If so, this is a pity not just because it's passively racist and does no good politically, but because it prevents a number of noteworthy books from getting the same recognition. This is, on the whole, an underwhelming list. Where is David O'Meara's Noble Gas, Penny Black? Patrick Warner's Mole? Karen Solie's Pigeon? Lisa Robertson's Magenta Soul Whip? (I've yet to read it, but I suspect that Robyn Sarah's recently released Pause for Breath would have also made a strong candidate.) If, as seems to be the case most years, there's some felt need to propel a younger writer into the spotlight, why not Jason Guriel for his whipsmart Pure Product? Or James Langer for his earthily lyrical Guns Dogs? All of these books were so good that I have a hard time imagining the four that did make the list being better. Had four (or even two, come on) of these books made the list, Carmine's book would have some bona fide competition. Maybe he does. Maybe I should give the other shortlisted titles a closer look. But I kind of doubt it. And I doubt, seeing what got left off, that Carmine will win, even tho I think he should. We'll see. My bet: Zieroth.

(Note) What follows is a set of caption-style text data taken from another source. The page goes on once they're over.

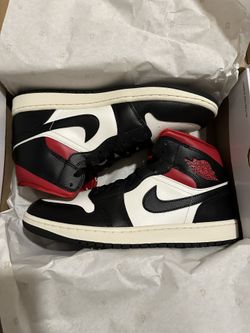 Jordan 1 DS New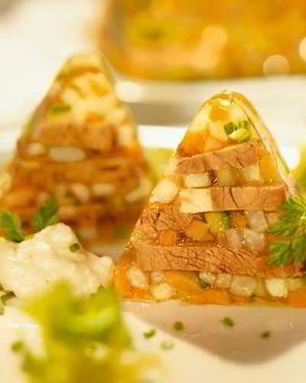 Ароматный говяжий холодец с хреном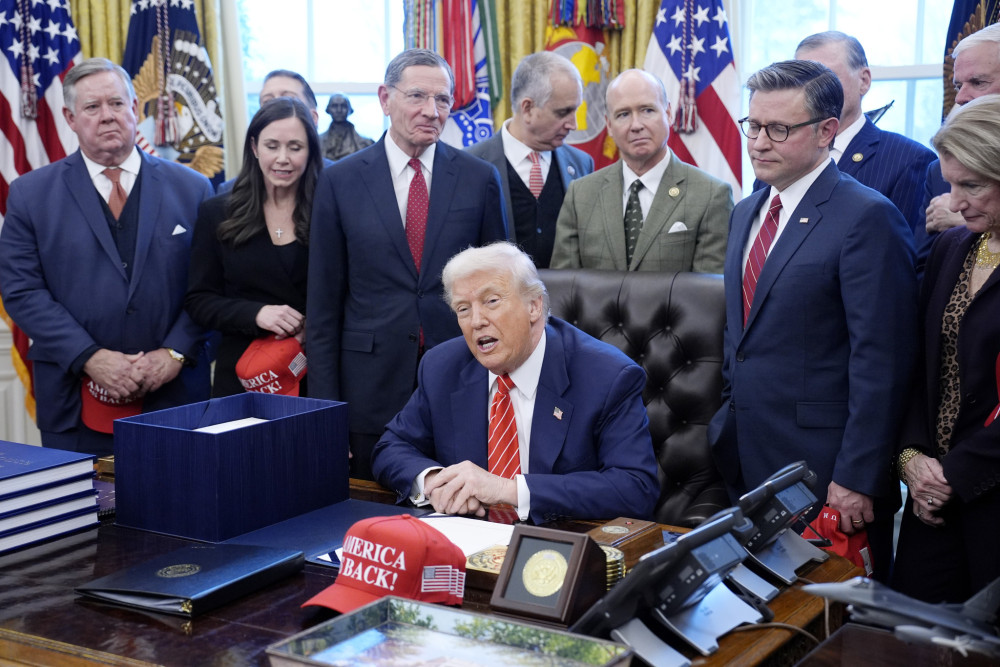 «Μάλλον ανήκω στον παράδεισο» - Σάλος με τη νέα δήλωση του Ντόναλντ Τραμπ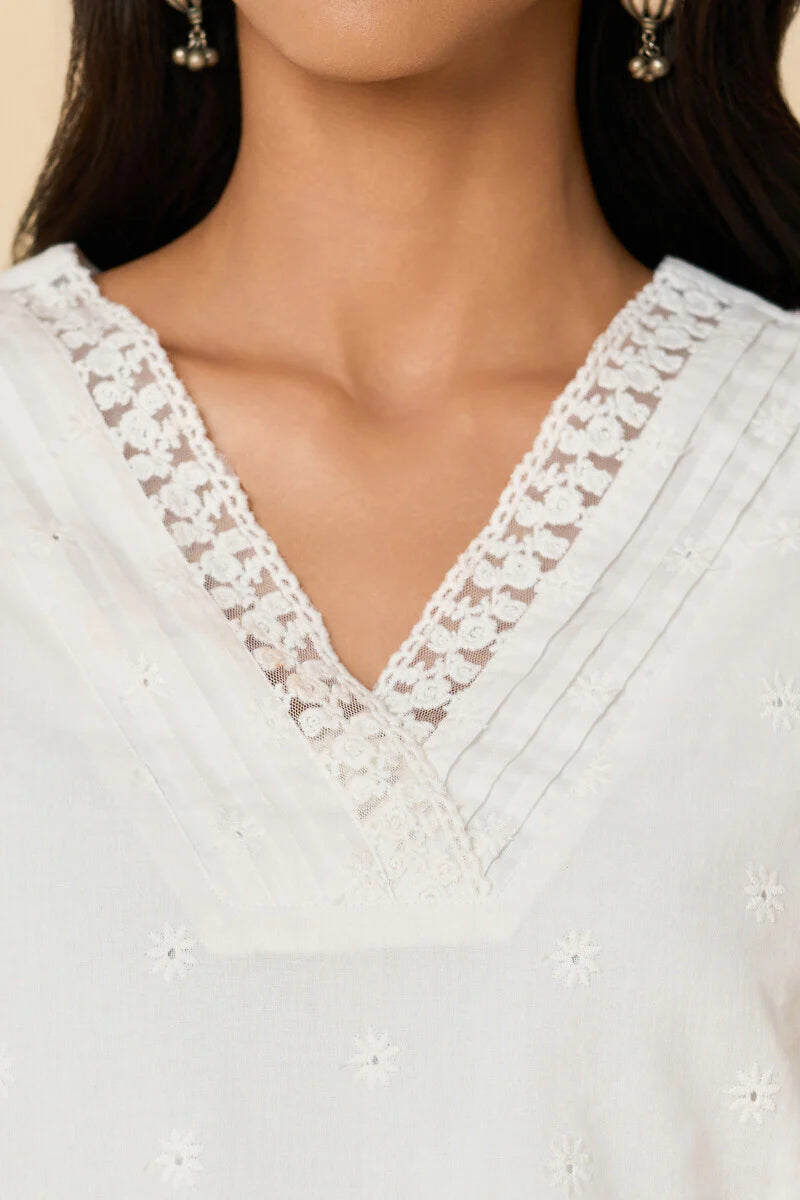 Surplus: Roza Aafiyah White Schiffli Kurta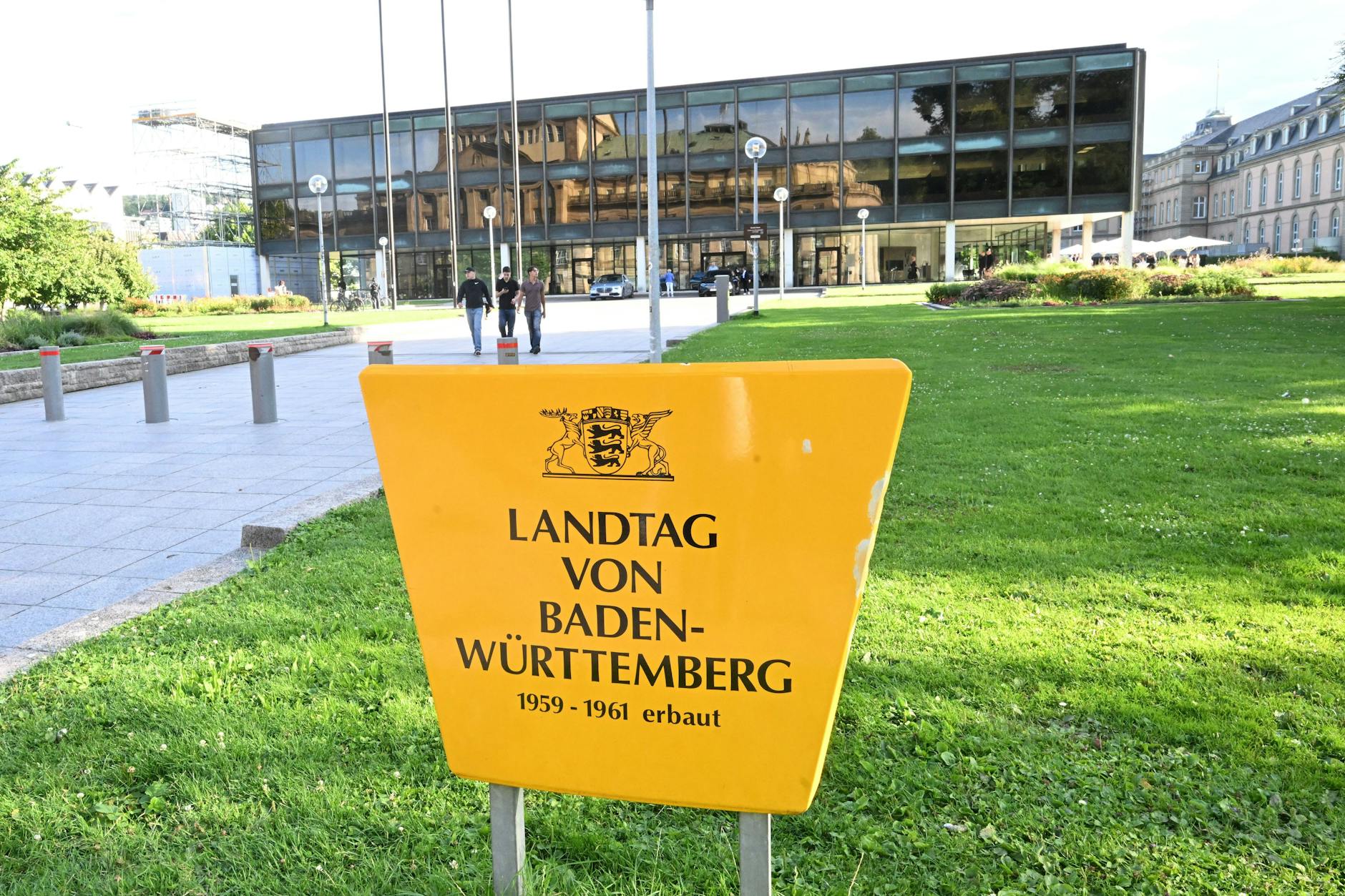 Bei einer geheimen Abstimmung ist ein Stimmzettel mit einem Hakenkreuz beschmiert worden.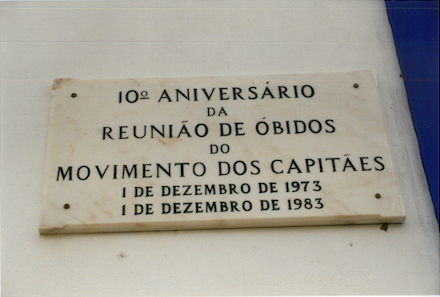 Placa comemorativa do 10º aniversário da Reunião de Óbidos do Movimento dos Capitães (01/12/1973 - 01/12/1983)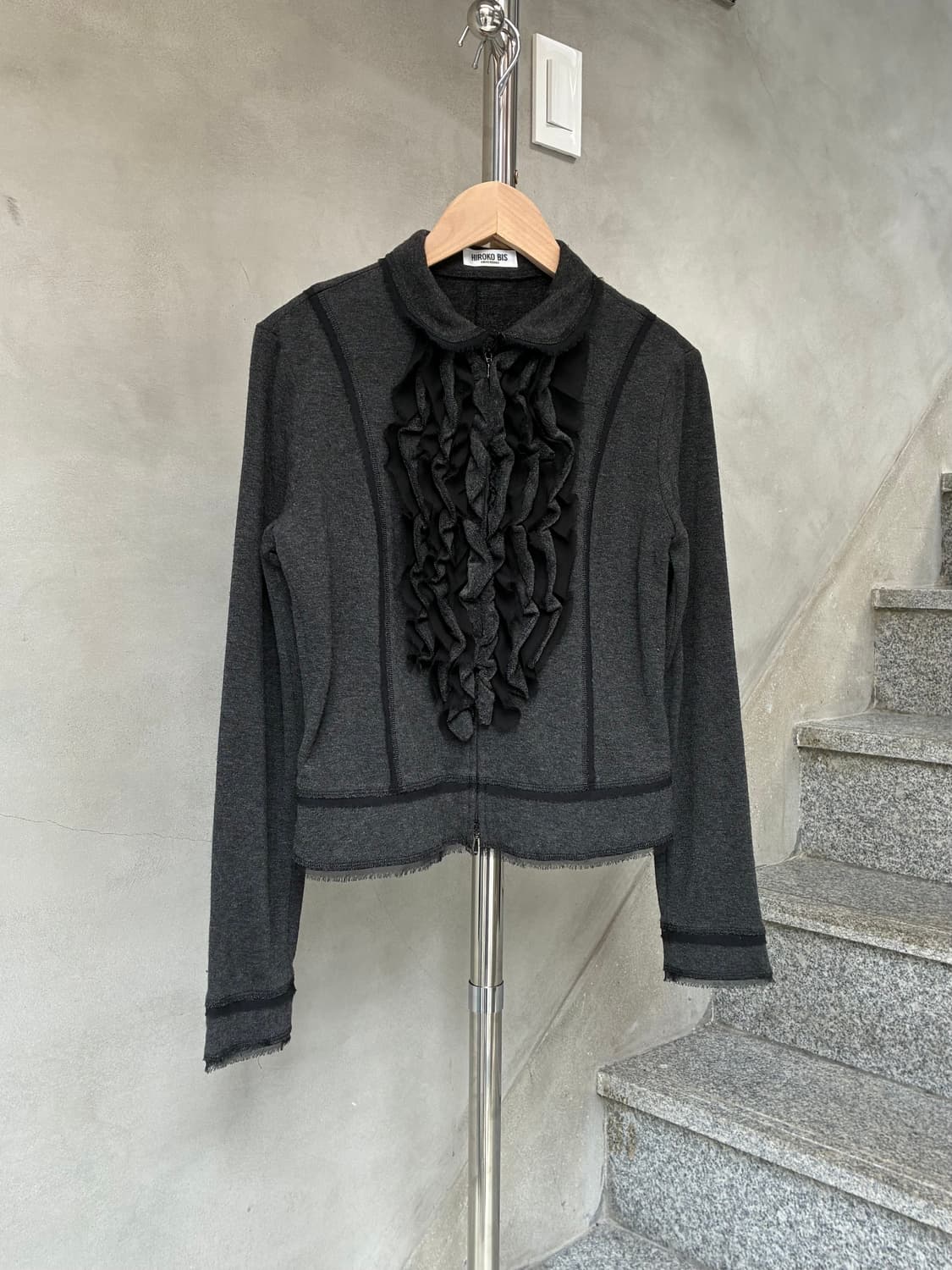 히로코 비스 프릴 집업 상품이미지1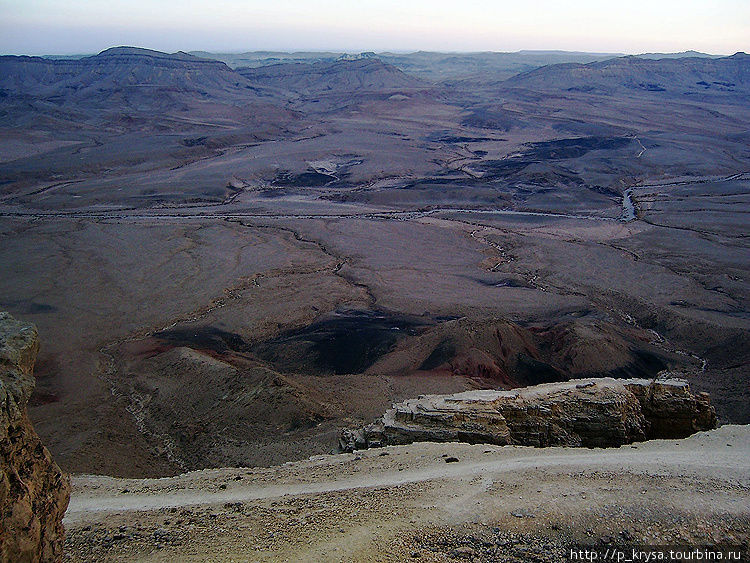 На краю Кратера Мицпе-Рамон, Израиль
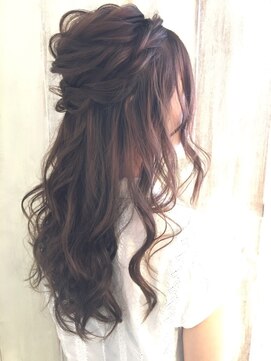 アンフィフォープルコ(AnFye for prco) 【AnFyeforprco】綺麗め大人ハーフアップアレンジ♪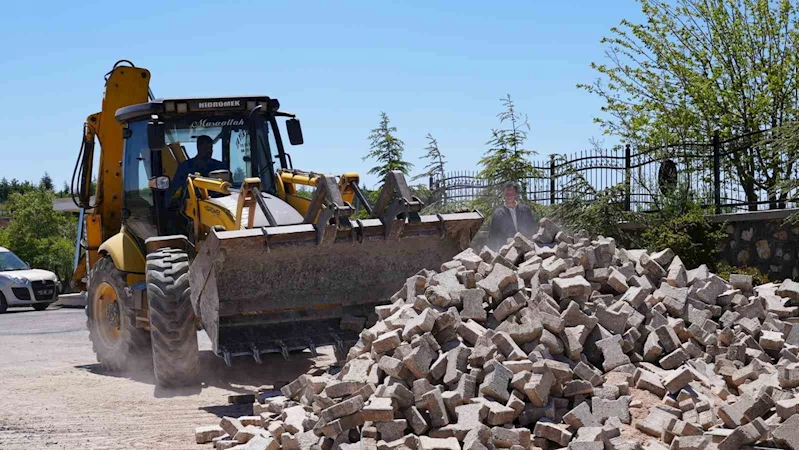 Elazığ’da bayram öncesi mezarlıklarda düzenleme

There are two books that are rather too close to me for me to be objective, but that I would have loved to see get some attention: Shane Neilson's Meniscus (which I edited) and Wayne Clifford's Jane Again. Ain't that the problem with these stupid winner-take-all awards...
I'm off on the rails tomorrow. Been a while and thought I'd be called upon no more till, maybe, xmas. But I've lucked out, just in time to delay my search for winter income. Hi ho, hi ho.
2 comments:
Wasn't O'Meara's book a 2008 release?
Fall '08; it's on the official list of titles submitted for the '09 award.